Размышляя над всеми этими загадками, я уже начал склоняться к тому, что рассказанное мне было лишь плодом фантазии. Однако примерно то же самое позднее мне предстояло слышать многократно и в более подробном изложении от минаро долины Инда. Единственным отличием в рассказах было то, что, по словам некоторых моих собеседников, вместо вращающегося барабана с лопастями могла использоваться закрепленная деревянная площадка, стоящая в неустойчивом равновесии на трех камнях. Когда животное запрыгивало на нее, площадка опрокидывалась, сваливая козла в пропасть, после чего занимала исходное положение. Трудно представить, чтобы столько не знакомых друг с другом людей решили вдруг так одинаково пофантазировать.
Меня уже перестали удивлять получаемые сведения. Мало того, что нам точно удалось определить принадлежность жителей Гиагама, Ремалы и Хамелинга, а также поселков Бакартсе и Марутсе, расположенных на другом берегу реки, к народности минаро, нам посчастливилось продвинуться вперед в поисках истоков этого народа, традиции которого, похоже, следовало отнести к глубокой древности.
Мне удалось выяснить, что, за исключением Бакартсе и Марутсе, которые выплачивали по десять рупий в год Рингдомскому монастырю, поселки минаро в отличие от прочих населенных пунктов долины не высылали людей на обработку монастырских земель и не были обложены налогом в пользу монастырей. Отношение буддийских монахов к селениям минаро было, таким образом, совершенно особым. Как давно существуют эти привилегии? Ответ на этот вопрос должен помочь выяснению, кто же был коренным населением Заскара и кто пришлым – минаро или тибетцы. Впрочем, по словам одного старика монаха, самым древним поселением долины традиционно считается Хамелинг.

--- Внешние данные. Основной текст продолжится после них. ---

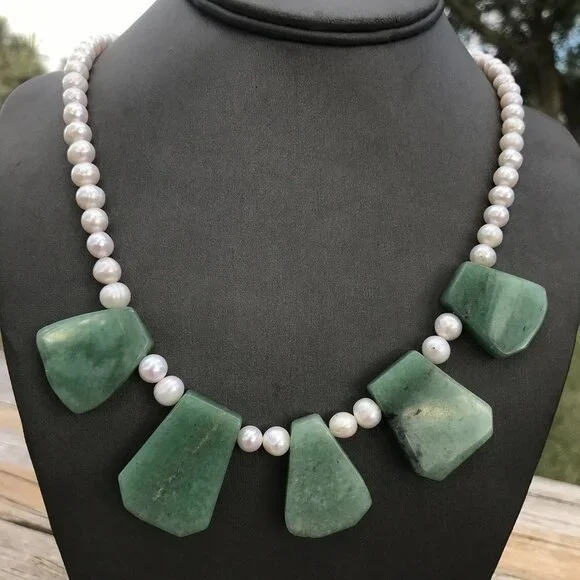 Genuine Natural Jade Nephrite Pearl Cleopatra Necklace Sterling Silver 925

Продолжив в дальнейшем свои расспросы относительно места горных козлов в верованиях минаро, я узнал, что все эти благородные животные, как считалось, подчинялись однорогому вожаку – единорогу! В то же время дикие стада этих животных во главе с вожаком принадлежали Царице фей Му-Ширингмен и Бабалашену. Охотники, чтобы им сопутствовала удача, должны были заручиться благожелательным отношением Царицы фей. Для этого, как мне объяснили, перед тем как отправляться на охоту, необходимо было пройти обряд очищения, окурив тело дымом от можжевеловых веток. Этот благовонный дым, по мнению людей минаро, имел свойство очищать как тело, так и душу. Отметим, что, согласно преданиям, прежде здешние высокогорья были покрыты зарослями можжевельника, и это, несомненно, имеет реальную основу. Еще и сегодня в совершенно безлесных и безводных уголках Заскара и Ладакха можно встретить столетние можжевеловые стволы, каким-то чудом уцелевшие на этой каменистой земле.
Прошедшие очищение при помощи можжевелового дыма охотники, чтобы завоевать благосклонность Царицы фей, в ночь перед охотой не должны были прикасаться к женам. Группа охотников удалялась на ночь в отдельный дом, принеся перед этим на алтарь Бабалашена фигурки козла, сделанные из сливочного масла и ячменной муки.
– Масло, разумеется, из козьего молока, – уточнил один из моих собеседников.
Снова упоминание об этом странном табу народа минаро! Как и у минаро, живущих на берегах Инда, у минаро Заскара корова считалась нечистым животным. Ее мясо и молоко в пищу не употребляются. Минаро должны даже проходить обряд очищения, если прикоснутся к корове или яку, когда занимают их у соседей другой народности для обработки полей. Для минаро корова – самое нечистое из всех созданий, и это удивительное табу запрещает даже носить одежду из ячьей шерсти и обувь из кожи яков и коров. Подошвы башмаков у минаро сделаны из козьей кожи. Нельзя также растапливать очаг ячьими кизяками, что, надо отметить, создает немало трудностей – ведь речь идет об основном виде топлива в этой местности.